Problem to work on:
Copied exactly and without pictures, the lines from the beginning of the entries through the one that holds "A spacious indoor" should form the entire reply.

Caption-style text data
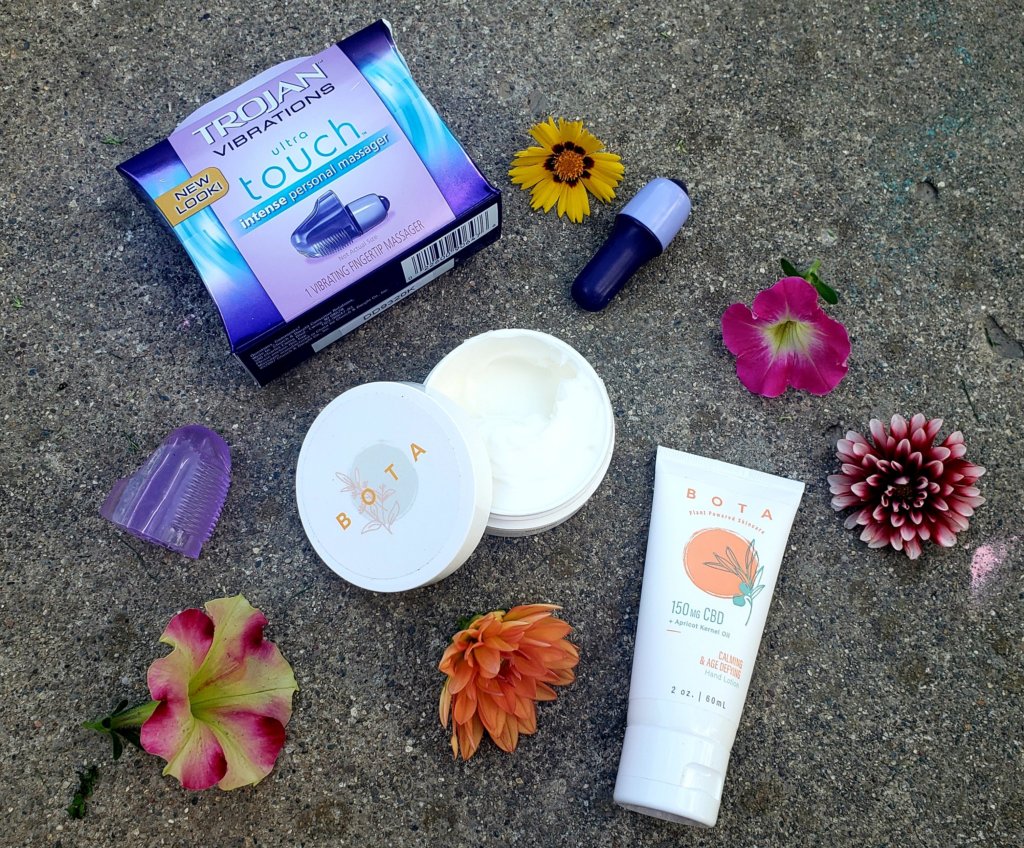 flowers, intense personal massager, BOTA muscle cream, and hand lotion laid out on cement surface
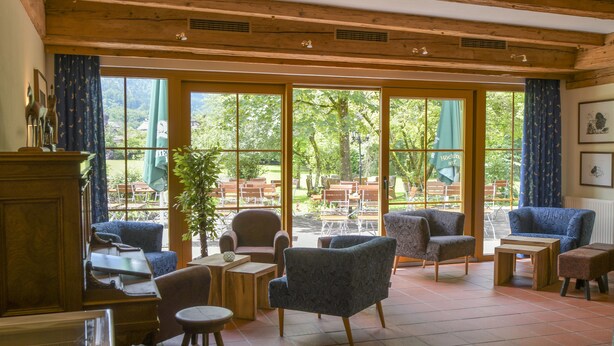 A spacious indoor area with wooden beams, large windows, and a variety of seating including armchairs and a piano. - Gutshof Wolfgangsee Resort & Event Hotel (Strobl)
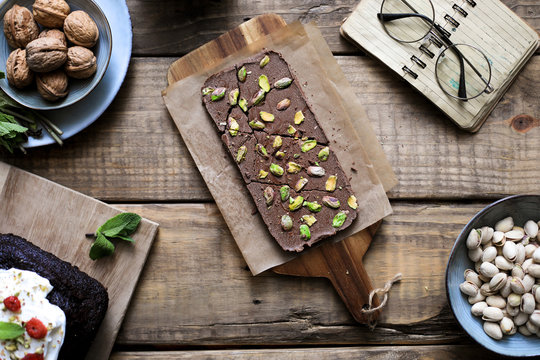 From above served tasty chocolate dessert garnished with pistachios on baking paper on wooden table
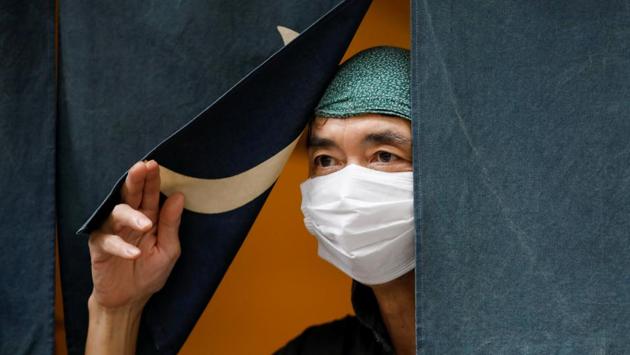 Haga rolls a shop curtain at the entrance of Shirohachi in Tokyo on November 20. Now he is using $29,000 worth of government’s subsidies to keep Shirohachi running till its closure in December, Reuters reported. (Issei Kato / Reuters)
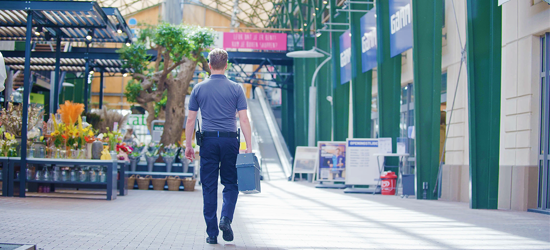 A man carrying a secure box through a shopping centre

Response box:
 flowers, intense personal massager, BOTA muscle cream, and hand lotion laid out on cement surface
 A spacious indoor area with wooden beams, large windows, and a variety of seating including armchairs and a piano. - Gutshof Wolfgangsee Resort & Event Hotel (Strobl)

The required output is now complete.